AWS requirements for when we migrate this to AWS lambdas. #3

randytpierce · 2023-02-10T17:09:33Z

randytpierce
Feb 10, 2023
Maintainer

It might be rational to do this in AWS. One approach to be to have the scorecard app, wherever it is living, to replicate the necessary data to the AWS couchbase instance with a relatively short Time to Live. Then it submits the api request to process the scorecard instance. The resultant scorecard updates (as calculations get made) would be updated to its local couchbase (also short time to live) and replicated back to the MATS couchbase. This is essentially the same flow we would be using for the local implementation of the CalculateService except for a couple of XDCR implementations that are done outside of the code.

To do this we would need AWS resources. Following is some discussion about how to size those....

This is what I am thinking about cloud resources for an ongoing scorecard/parallel data processing resource requirement. I included Ian on this because he knows better than I how to estimate the actual AWS resource costs. Maybe Ian can plug these numbers into the cost calculator, maybe even we can do it together so that I can get that under my belt as well.

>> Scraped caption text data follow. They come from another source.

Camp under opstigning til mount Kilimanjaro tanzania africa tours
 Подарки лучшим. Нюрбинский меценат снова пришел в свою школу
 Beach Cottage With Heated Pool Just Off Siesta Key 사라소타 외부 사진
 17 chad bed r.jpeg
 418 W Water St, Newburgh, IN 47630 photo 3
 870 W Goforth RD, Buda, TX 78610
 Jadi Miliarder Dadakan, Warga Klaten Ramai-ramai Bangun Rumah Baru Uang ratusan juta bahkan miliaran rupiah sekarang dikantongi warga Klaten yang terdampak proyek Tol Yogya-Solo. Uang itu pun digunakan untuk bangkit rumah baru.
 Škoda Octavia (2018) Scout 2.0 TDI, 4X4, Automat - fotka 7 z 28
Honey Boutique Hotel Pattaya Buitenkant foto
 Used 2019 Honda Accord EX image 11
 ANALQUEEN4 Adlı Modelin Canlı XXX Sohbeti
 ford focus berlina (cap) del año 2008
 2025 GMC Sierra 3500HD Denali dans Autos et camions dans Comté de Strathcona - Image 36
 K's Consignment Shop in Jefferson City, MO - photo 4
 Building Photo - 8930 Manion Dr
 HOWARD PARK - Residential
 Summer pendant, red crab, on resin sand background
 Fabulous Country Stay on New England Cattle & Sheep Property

We will need a place to run the web service, message queue, and lambda manager. I don't think this needs to be a huge processor but its "beefyness" will depend in the end on how much processing we are doing. I think that each concurrent processing task will need a core. We can load balance it so that it will spin up additional processors as needed but to start we would need one instance with say 4 cores, 16 GB of memory (that is a pure guess).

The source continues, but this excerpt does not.